As we have explained, ASIC equivalent report said that it:
- “successfully used” a number of directions to liquidators to comply (ss 40-5, 40-10, 40-15) “on several occasions … either to resolve our concerns by achieving compliance or to advance our investigations”;
- served 2 show cause notices under s 40-40;
- exercised its power under s 40-111 to remove a bankrupt liquidator from the register of liquidators; and
- served three section 30B notices under the ASIC Act on liquidators requesting information.
In comparison, AFSA simply reports on one s 40-40 show cause notice, which presumably was the matter of Thomson.
This could simply be because trustees are better at their task than liquidators, or that each of the regulators takes different approaches. The role of ARITA and the other industry bodies, the subject of a following report, is not shown.

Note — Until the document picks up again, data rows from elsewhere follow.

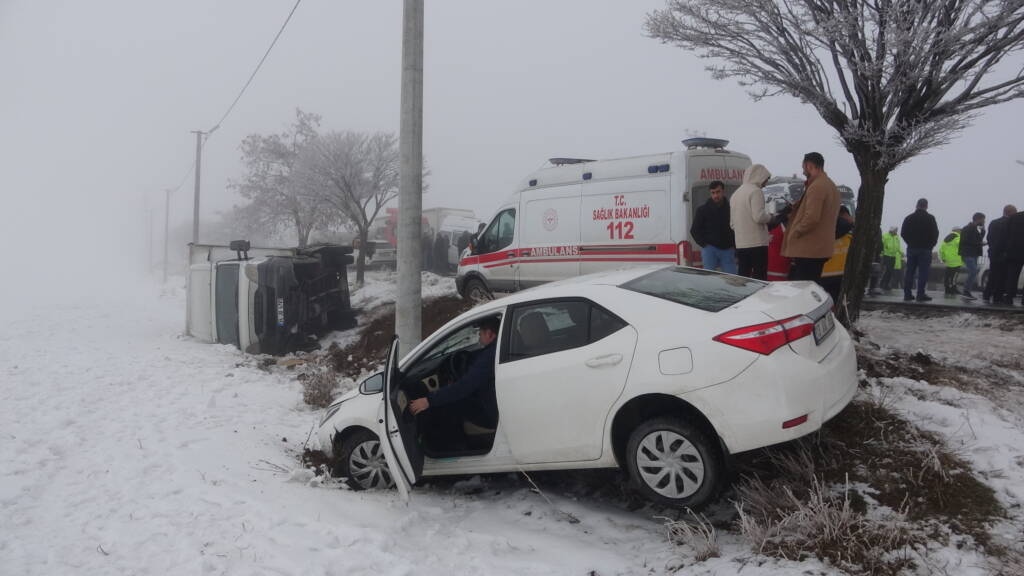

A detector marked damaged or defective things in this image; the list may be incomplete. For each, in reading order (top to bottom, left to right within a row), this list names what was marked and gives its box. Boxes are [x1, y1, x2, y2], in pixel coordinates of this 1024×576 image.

overturned truck [186, 238, 358, 354]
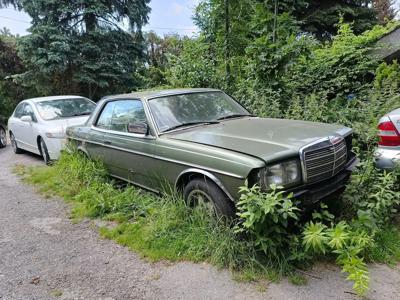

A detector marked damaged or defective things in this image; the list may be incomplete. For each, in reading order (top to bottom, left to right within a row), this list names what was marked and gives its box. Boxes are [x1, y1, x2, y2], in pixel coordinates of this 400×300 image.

corroded wheel rim [188, 189, 216, 214]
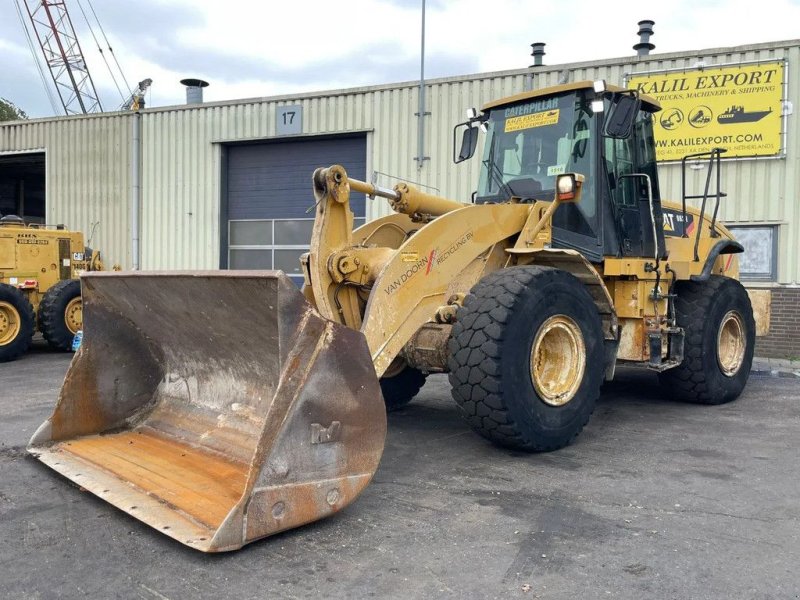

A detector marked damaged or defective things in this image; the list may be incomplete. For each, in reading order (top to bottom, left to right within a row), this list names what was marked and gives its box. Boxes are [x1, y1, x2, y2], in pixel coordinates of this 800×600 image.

rusty bucket surface [26, 272, 386, 552]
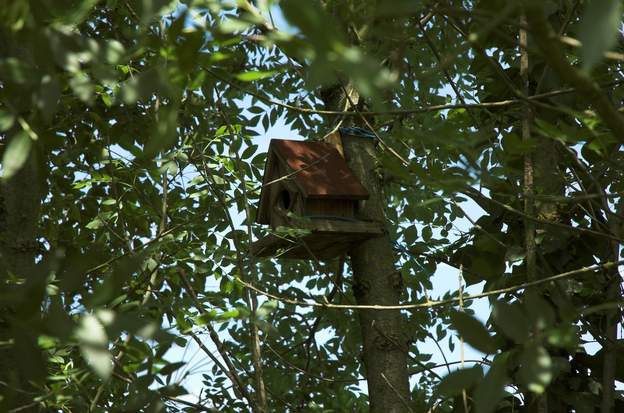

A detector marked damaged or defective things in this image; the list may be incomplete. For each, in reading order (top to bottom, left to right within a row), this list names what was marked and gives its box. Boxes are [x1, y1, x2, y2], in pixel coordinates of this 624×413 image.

rusty metal roof [270, 139, 370, 200]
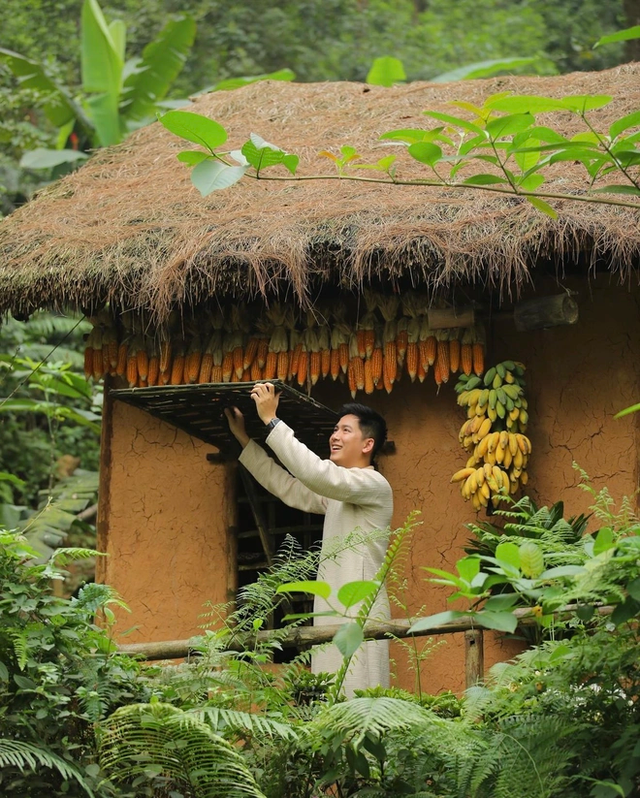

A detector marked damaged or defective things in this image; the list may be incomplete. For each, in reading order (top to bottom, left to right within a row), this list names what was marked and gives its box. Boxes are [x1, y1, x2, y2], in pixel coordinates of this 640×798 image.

cracked mud wall [97, 404, 232, 648]
cracked mud wall [99, 282, 640, 692]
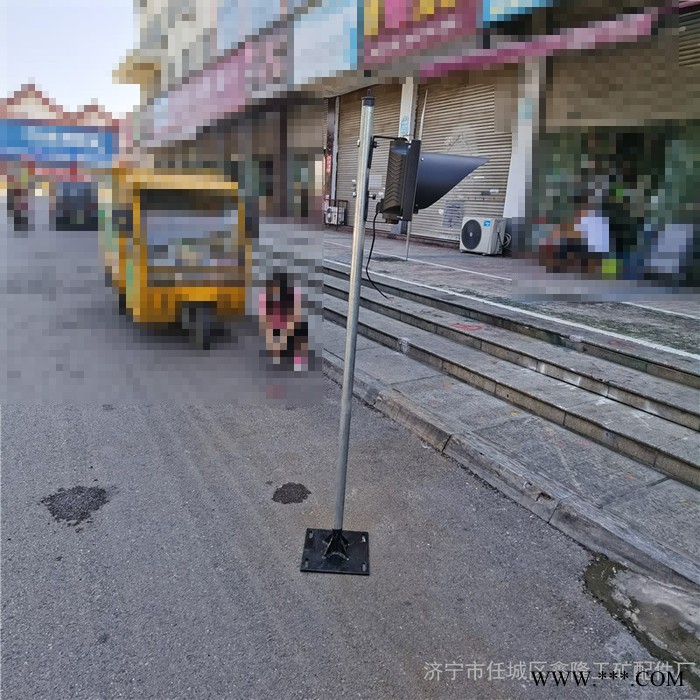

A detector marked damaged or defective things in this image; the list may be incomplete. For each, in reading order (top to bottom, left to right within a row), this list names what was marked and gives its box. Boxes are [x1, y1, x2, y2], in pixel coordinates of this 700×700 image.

pothole in asphalt [40, 486, 109, 524]
pothole in asphalt [270, 482, 308, 504]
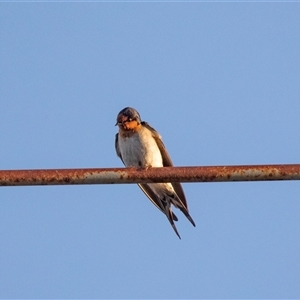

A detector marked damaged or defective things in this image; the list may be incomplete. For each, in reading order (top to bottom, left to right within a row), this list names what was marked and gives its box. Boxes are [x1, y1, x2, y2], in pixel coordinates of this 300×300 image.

rusty wire [0, 164, 298, 188]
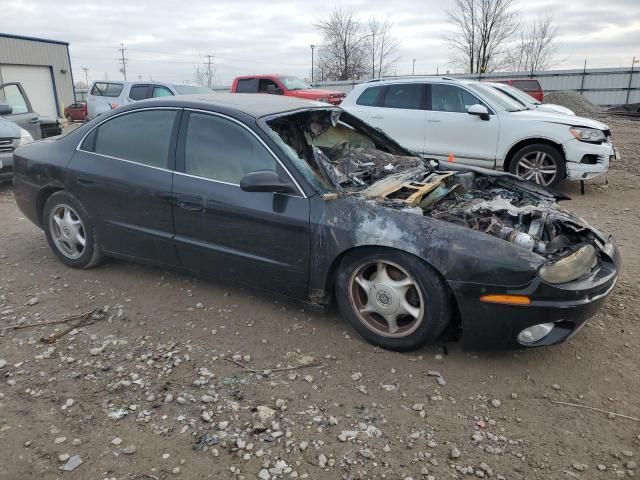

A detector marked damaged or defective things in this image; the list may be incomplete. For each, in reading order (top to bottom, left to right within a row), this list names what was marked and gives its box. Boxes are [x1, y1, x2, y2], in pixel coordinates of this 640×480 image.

damaged front bumper [564, 138, 616, 181]
burned front end of car [264, 108, 620, 348]
damaged front bumper [450, 244, 620, 348]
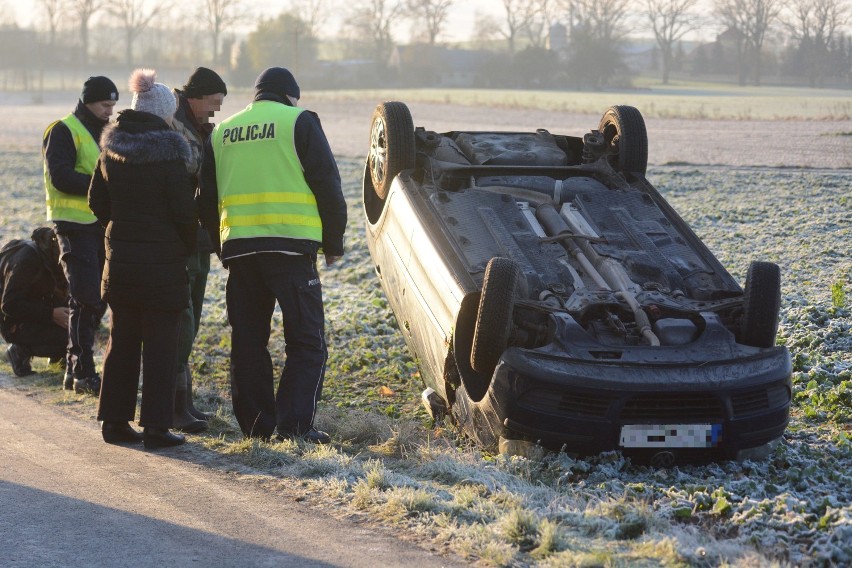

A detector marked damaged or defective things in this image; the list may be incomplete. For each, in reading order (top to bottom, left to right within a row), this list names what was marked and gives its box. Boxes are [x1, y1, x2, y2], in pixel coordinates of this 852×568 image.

overturned car [362, 102, 792, 466]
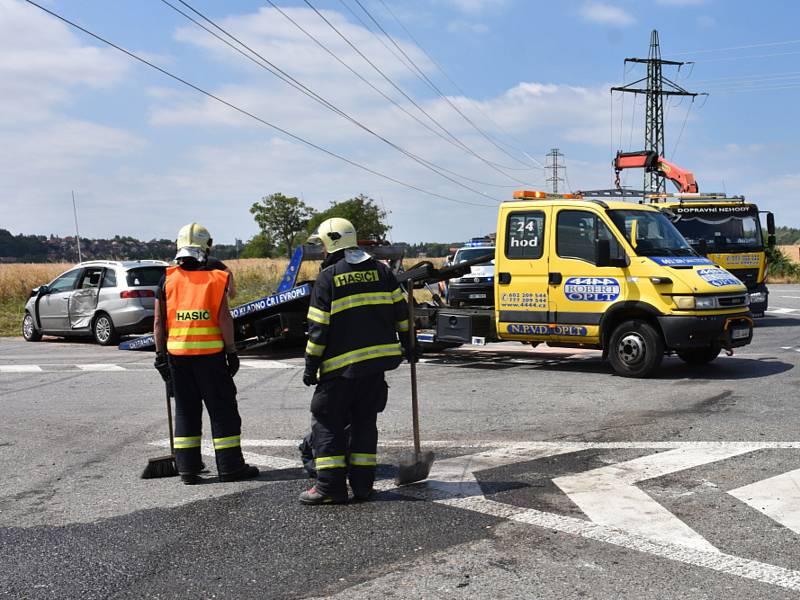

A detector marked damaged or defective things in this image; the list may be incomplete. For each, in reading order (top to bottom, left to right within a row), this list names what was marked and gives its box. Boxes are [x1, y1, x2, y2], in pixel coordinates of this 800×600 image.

damaged silver car [21, 258, 167, 346]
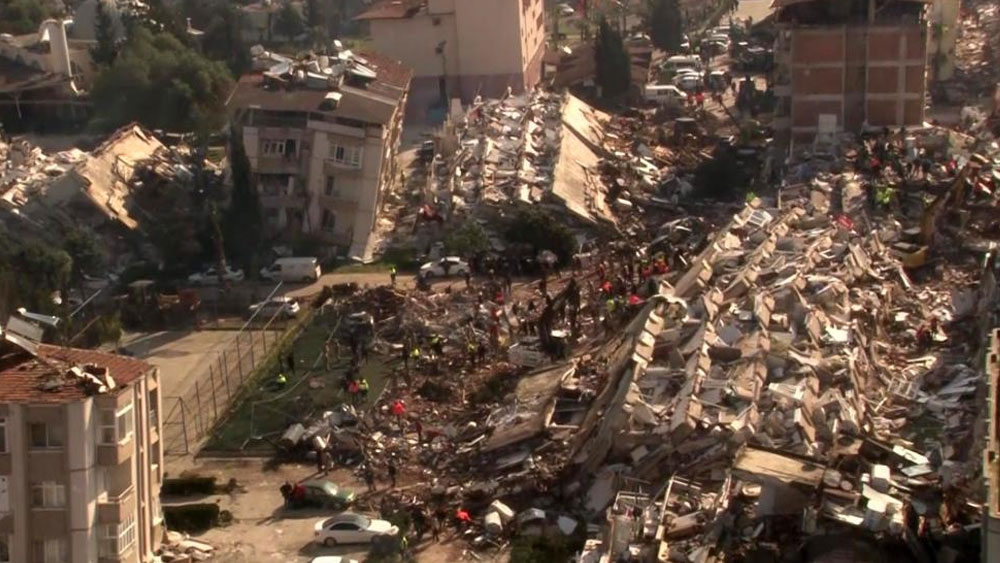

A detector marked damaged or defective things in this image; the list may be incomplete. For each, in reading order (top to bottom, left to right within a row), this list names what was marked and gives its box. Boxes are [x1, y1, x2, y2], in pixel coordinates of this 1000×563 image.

damaged apartment building [227, 43, 410, 260]
damaged apartment building [772, 0, 928, 145]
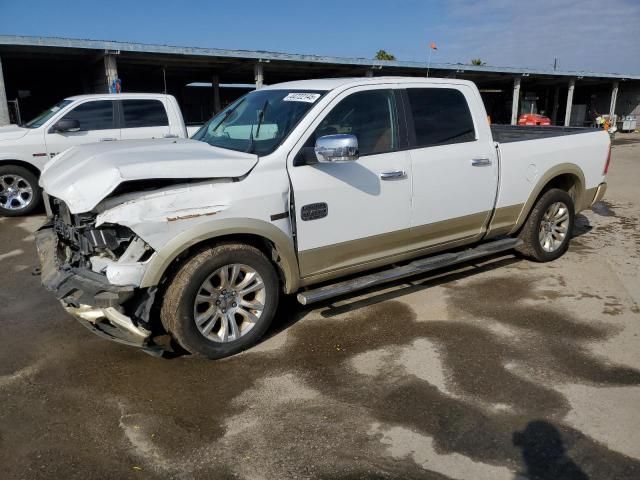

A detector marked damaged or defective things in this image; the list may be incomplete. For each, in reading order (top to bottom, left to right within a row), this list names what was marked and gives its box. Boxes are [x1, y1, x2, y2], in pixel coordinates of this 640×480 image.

In that respect, ASIC did not report, nor did AFSA, on any s 40-100 industry notices lodged by ARITA, or its members, for example in relation to any of the concerns about pre-insolvency advisers, or more serious misconduct, or any exchanges of confidential misconduct information now regulated under the ILRA changes.
AFSA’s Report explained how it ensured that trustees understood and complied with the new ILRA provisions ‘which took effect on 1 September 2017’, but it did not explain how trustees and ARITA and the industry bodies understood and attended to their new authority under the earlier regulatory laws commencing 1 March 2017.
It may be that AFSA has offered guidance to the industry bodies on their new authority and obligations, or that it is till yet to come. That may be the real explanation for why the new regulatory tools appears to be so little used; either that, or they were never needed.